President Donald Trump’s tariffs lack a consistent stated objective, shifting from punitive measures to selective pauses that benefit well-connected firms. Since launching “reciprocal tariffs” in early April 2025—peaking at 145 percent on Chinese imports—Trump has alternated between hardline postures and brief reprieves, notably a 90-day pause for most countries announced April 9. That inconsistency has drawn criticism from economists, frustrated global trading partners, and U.S. industry leaders, who warn the unpredictable policy undermines markets, risks corruption, and fails to deliver on promises to rejuvenate American manufacturing.
Lead
Who: President Donald Trump, Treasury Secretary Scott Bessent, CEOs of major U.S. retailers, global trade negotiators
What: A series of escalating tariffs followed by ad hoc exemptions, with no clear endgame or coherent rationale
Where: Announced from the White House Oval Office and via Truth Social, impacting U.S. and global markets
When: Tariff hikes began April 2, 2025; 90-day pause announced April 9; analysis published April 23, 2025
Why: Officially to rebalance trade and protect U.S. industry, though the strategy appears internally inconsistent and driven by leverage rather than a defined economic plan, according to Wikipedia
From “Liberation Day” to High Tariffs
On April 2, dubbed “Liberation Day,” Trump unveiled minimum 10 percent tariffs on all imports and raised sector-specific duties, reaching 145 percent on Chinese goods, arguing that trade deficits harmed U.S. interests (Wikipedia). Within days, China retaliated with tariffs of at least 125 percent on American exports and controls on rare-earth minerals. The moves triggered a sharp market downturn, with the S&P 500 plunging into bear-market territory before brief recoveries,
Pause and Exemptions: “Let’s Make a Deal” Mode
Two weeks after the initial hikes, Trump announced a 90-day suspension of new “reciprocal tariffs” for all countries except China, shifting to a “let’s make a deal” mode. The pause applied to 57 nations and exempted goods already in transit until May 27, but left core auto, steel, and aluminum levies intact, according to Wikipedia. Electronics—such as smartphones and computers—also won temporary relief following direct appeals from major firms.
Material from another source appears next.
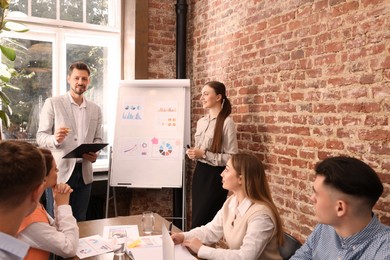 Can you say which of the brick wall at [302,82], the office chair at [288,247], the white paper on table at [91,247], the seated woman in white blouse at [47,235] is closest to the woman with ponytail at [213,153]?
Result: the brick wall at [302,82]

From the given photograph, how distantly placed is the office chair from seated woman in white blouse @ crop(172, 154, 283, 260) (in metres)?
0.03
Business Response and Corruption Concerns
CEOs of Walmart, Target, Lowe’s, and Home Depot personally lobbied at the White House for tariff carve-outs, highlighting the burden on U.S. consumers and supply chains. Apple secured an exemption after Tim Cook’s call to the president, underscoring fears that only firms with White House access benefit. Critics warn this “whisper in the president’s ear” approach risks favoritism and corruption, as no formal exemption process exists.
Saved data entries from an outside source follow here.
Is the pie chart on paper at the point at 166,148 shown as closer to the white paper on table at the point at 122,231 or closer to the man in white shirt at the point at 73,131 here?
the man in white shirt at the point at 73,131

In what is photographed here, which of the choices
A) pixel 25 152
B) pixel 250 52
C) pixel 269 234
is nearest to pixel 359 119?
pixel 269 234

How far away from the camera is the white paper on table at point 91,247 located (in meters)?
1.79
International Reaction: Confusion and Frustration
The EU’s trade chief left Washington “with little clarity on the American stance,” according to Bloomberg and Reuters. Japan’s Prime Minister Shigeru Ishiba expressed “grave concern” over erratic U.S. policy. China’s Foreign Ministry urged the U.S. to “stop threats and coercion” and negotiate on “equality, mutual respect and reciprocity,”.
Economic Impact and Expert Criticism
The International Monetary Fund forecasted markedly slower global growth amid the tariff shock, warning that the 80-year post-war trading system is “being reset,” according to Wikipedia. Goldman Sachs CEO David Solomon called the uncertainty “unproductive” and warned of a near-term economic drag, according to Reuters. London Business School’s Joseba Martinez characterized the policy as “internally inconsistent” if the aim is U.S. reindustrialization—tariffs can coerce deals or force reshoring, but not both simultaneously, according to Wikipedia.
What’s Next
- Formal talks or more pauses? No structured negotiation mechanism has been announced, leaving companies guessing who holds exemption authority—only the president can grant relief.
- Potential market volatility: Absent clear objectives, analysts expect continued whipsaw in stocks, bonds, and currency markets.
- Political stakes: With midterm elections looming, tariff policy may be leveraged for domestic political gains rather than strategic economic reform.